EXERCISE DATA -
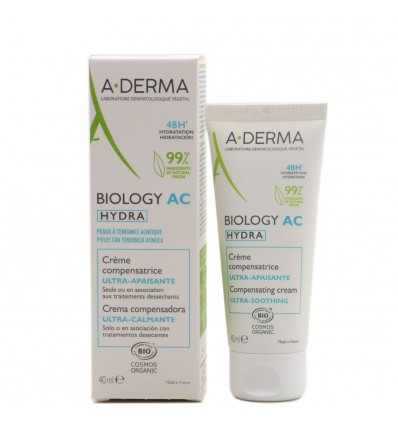 ADerma Biology AC Hydra Crema 40ml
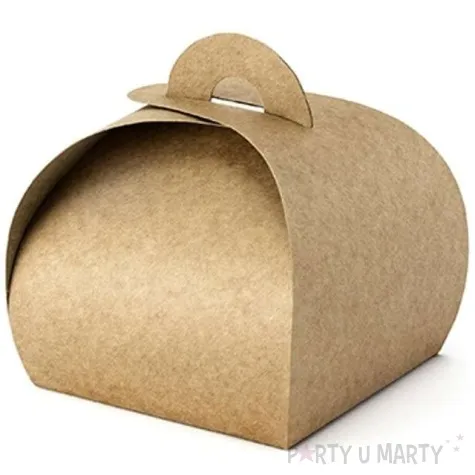 pudeleczka dla gosci kraft rustykalne 10 szt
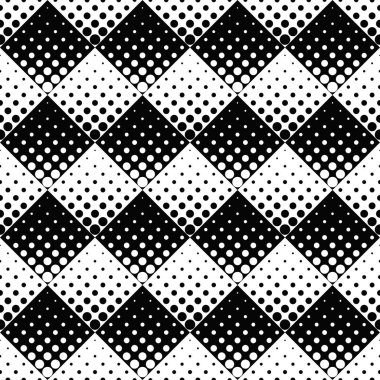 Retro soyut dikişsiz geometrik daire desen arka plan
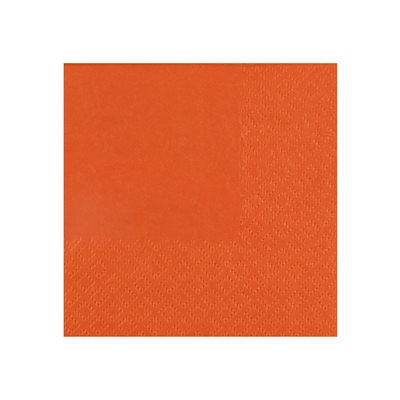 Serviette cocktail Crystal Orange Sachet de 25 pièces 21 x 2 Serviette cocktail Crystal Orange Sachet de 25 pièces 21 x 2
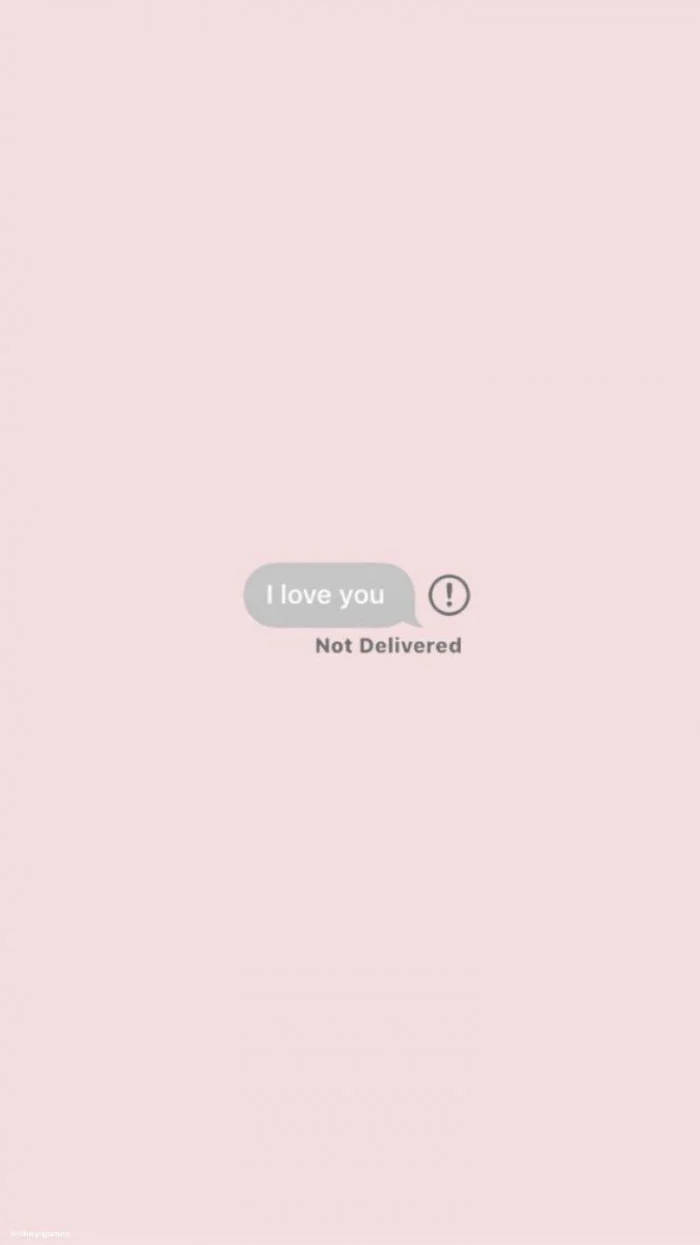 Hartseer Ek Lief Jou iPhone Muurpapier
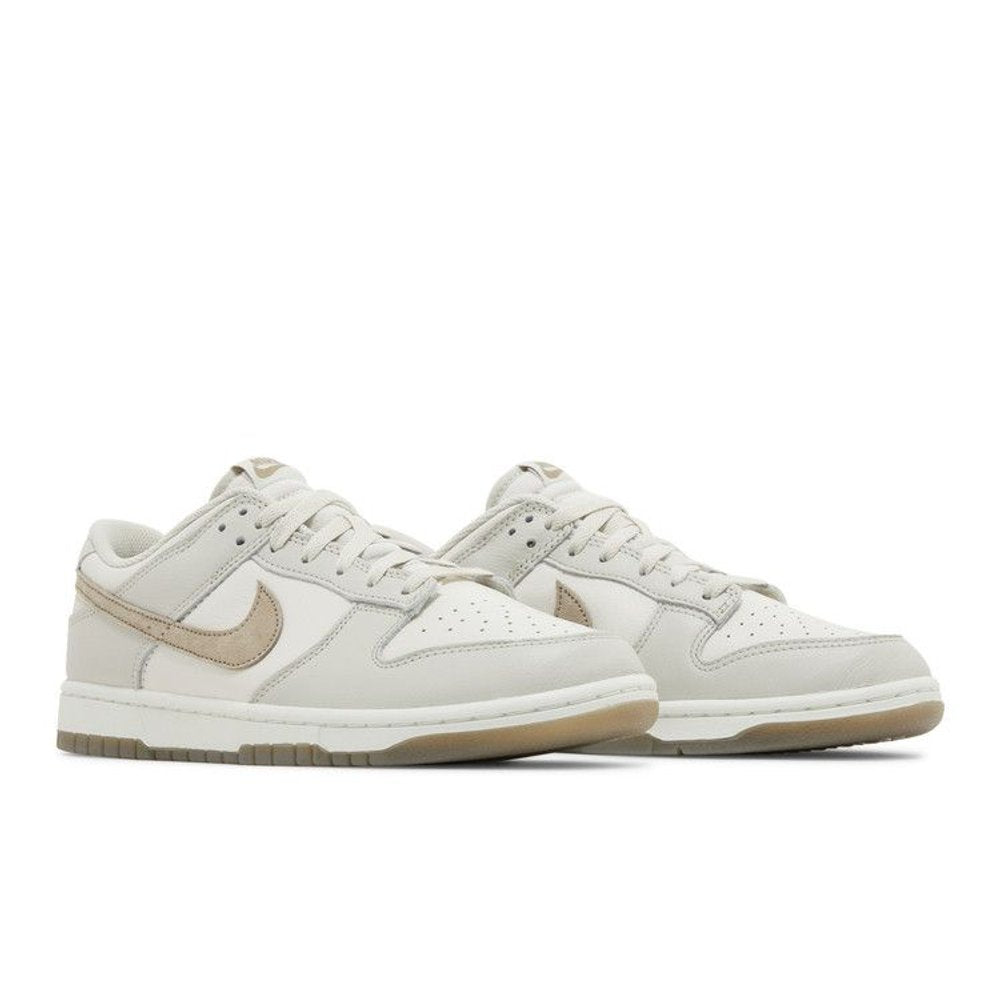 Nike Dunk Low Retro SE Phantom Khaki – lifestyle foto | Purekickz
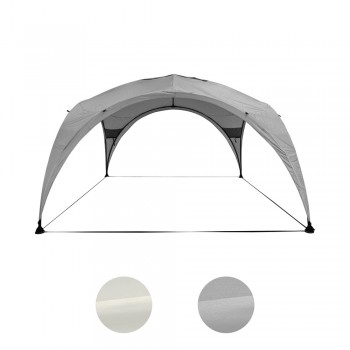 Gartenpavillon Partyzelt Festzelt - PE, 365x365 cm - Kore II GRINDI IN THE GARDEN - 23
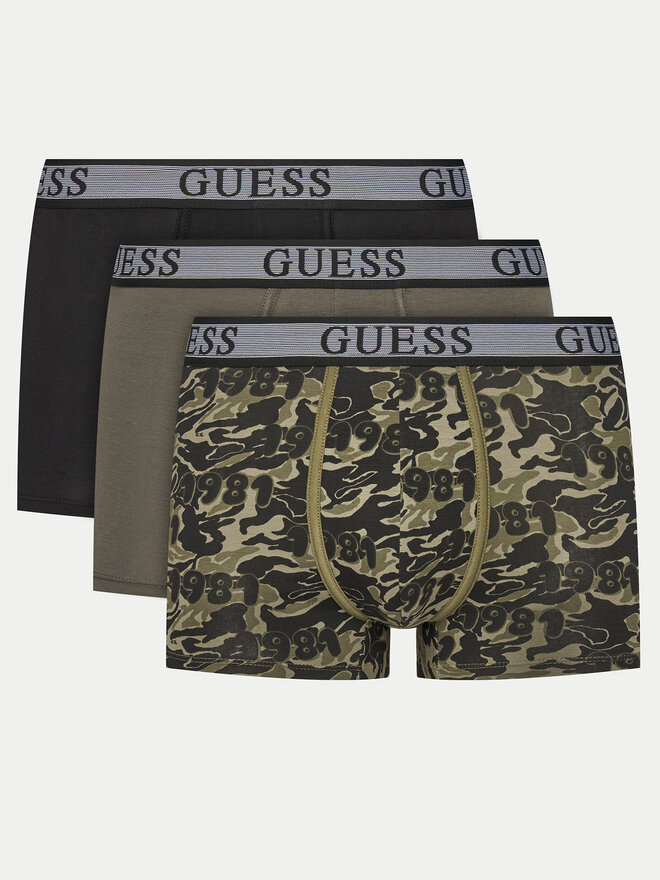 Guess Guess Σετ μποξεράκια 3 τμχ U5GG05 K6YW1 Έγχρωμο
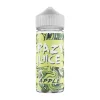 Органическая жидкость Crazy Juice Organic 120 мл (1,5 мг) - Apple (Яблоко)
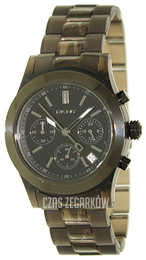 DKNY Chronograph Czarny/Plastik Ø42 mm NY8164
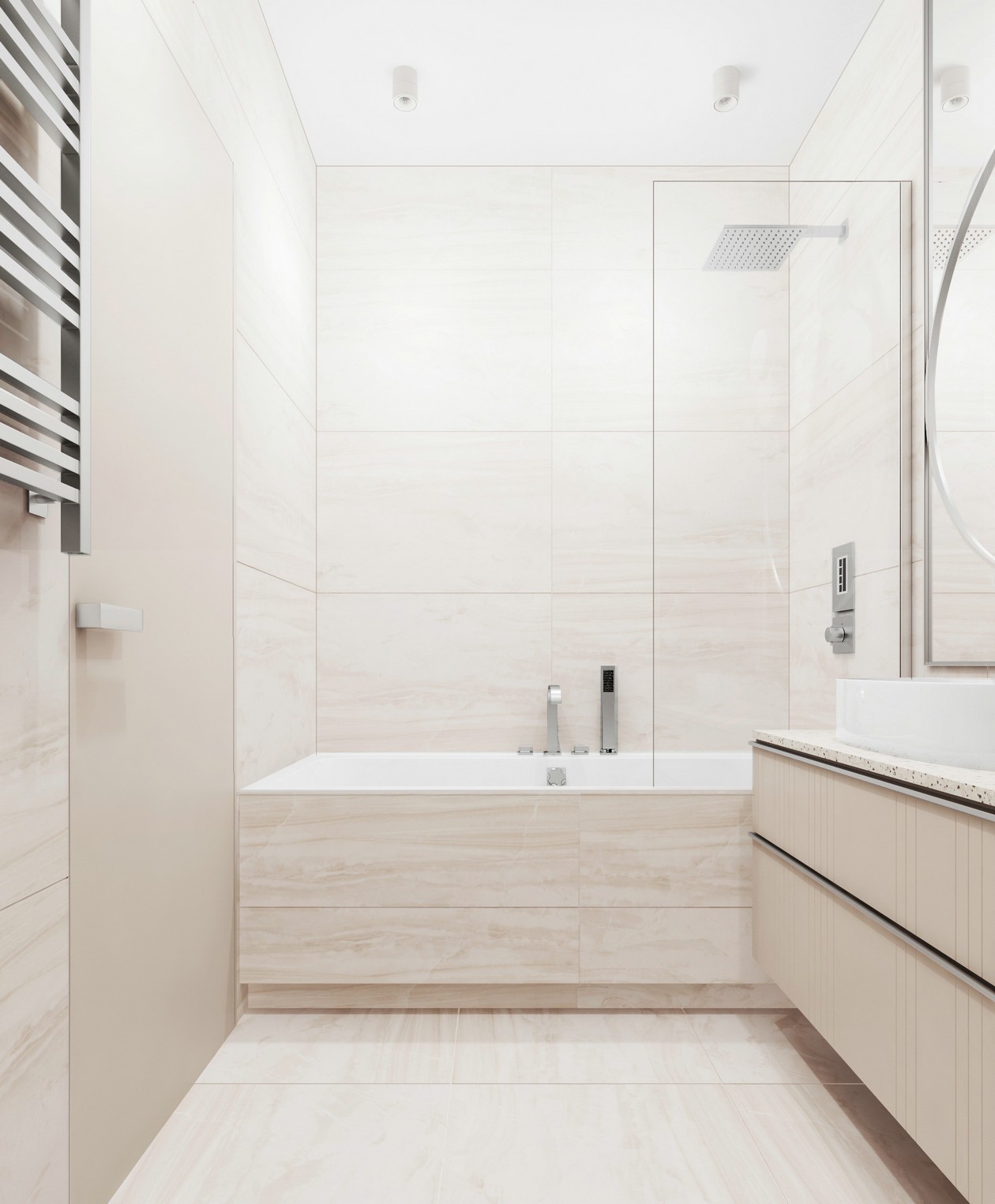 现代多彩简约风公寓设计-10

WORK TO BE COMPLETED -
Every line above should be output exactly, except for the pictures.

SOLUTION -
 ADerma Biology AC Hydra Crema 40ml
 pudeleczka dla gosci kraft rustykalne 10 szt
 Retro soyut dikişsiz geometrik daire desen arka plan
 Serviette cocktail Crystal Orange Sachet de 25 pièces 21 x 2 Serviette cocktail Crystal Orange Sachet de 25 pièces 21 x 2
 Hartseer Ek Lief Jou iPhone Muurpapier
 Nike Dunk Low Retro SE Phantom Khaki – lifestyle foto | Purekickz
 Gartenpavillon Partyzelt Festzelt - PE, 365x365 cm - Kore II GRINDI IN THE GARDEN - 23
 Guess Guess Σετ μποξεράκια 3 τμχ U5GG05 K6YW1 Έγχρωμο
 Органическая жидкость Crazy Juice Organic 120 мл (1,5 мг) - Apple (Яблоко)
 DKNY Chronograph Czarny/Plastik Ø42 mm NY8164
 现代多彩简约风公寓设计-10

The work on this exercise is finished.